Anderson, M. (2001). Permutation tests for univariate or multivariate analysis of variance and regression. Canadian Journal of Fisheries & Aquatic Sciences, 58(3), 626-639. http://dx.doi.org/10.1139/cjfas-58-3-626

Asher, A. D., Duke, L. M., & Wilson, S. (2013). Paths of discovery: Comparing the search effectiveness of Ebsco Discovery Service, Summon, Google Scholar, and conventional library resources. College & Research Libraries, 75(5), 464-488.

Ellero, N. (2013). An unexpected discovery: One library's experience with web-scale discovery service (WSDS) evaluation and assessment. Journal of Library Administration, 53(5/6), 323-343.

Good, P. (2005). Permutation, parametric and bootstrap tests of hypotheses (3rd ed.). New York: Springer.

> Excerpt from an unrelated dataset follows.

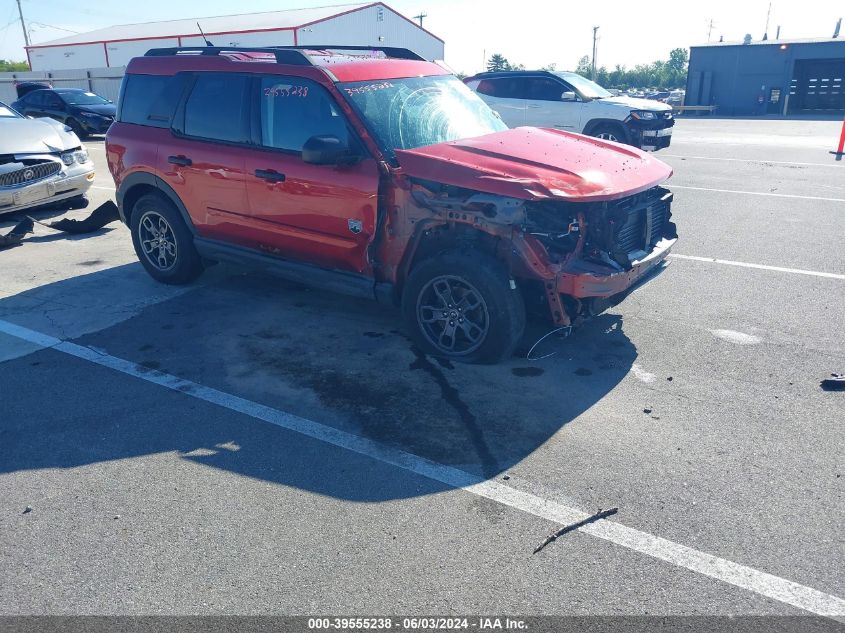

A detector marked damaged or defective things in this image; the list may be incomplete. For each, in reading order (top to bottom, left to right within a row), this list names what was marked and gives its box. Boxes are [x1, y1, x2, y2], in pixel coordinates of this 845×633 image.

damaged white car [0, 99, 94, 215]
damaged red suv [105, 45, 676, 360]
dented hood [396, 126, 672, 200]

Google. (2012). Search quality rating guidelines version 1.0. In Inside Search: How Search Works. Retrieved 2 March 2015 from https://static.googleusercontent.com/media/
www.google.com/en/us/insidesearch/howsearchworks/assets/searchqualityevaluatorguidelines.pdf

Howell, D. C. (2006). Repeated measures analysis of variance via randomization. Retrieved 2 March 2015 from https://www.uvm.edu/~dhowell/StatPages/Resampling/RandomRepeatMeas/RepeatedMeasuresAnova.html

Lown, C., Sierra, T., & Boyer, J. (2013). How users search the library from a single search box. College & Research Libraries, 74(3), 227-241. http://dx.doi.org/10.5860/crl-321

Rochkind, J. (2013). A comparison of article search APIs via blinded experiment and developer review. Code4Lib Journal, 19. Retrieved from http://journal.code4lib.org/articles/7738

t test for related samples. (2004). In D. Cramer and D. Howitt (Eds.), The SAGE dictionary of statistics (p. 168). London, England: SAGE Publications, Ltd. Retrieved from http://srmo.sagepub.com/view/the-sage-dictionary-of-statistics/SAGE.xml

Timpson, H., & Sansom, G. (2011). A student perspective on e-resource discovery: Has the Google factor changed publisher platform searching forever? The Serials Librarian, 61(2), 253-266.

Zhang, T. (2013). User-centered evaluation of a discovery layer system with Google Scholar. In Design, user experience, and usability. Web, mobile, and product design (pp. 313-322). Berlin: Springer.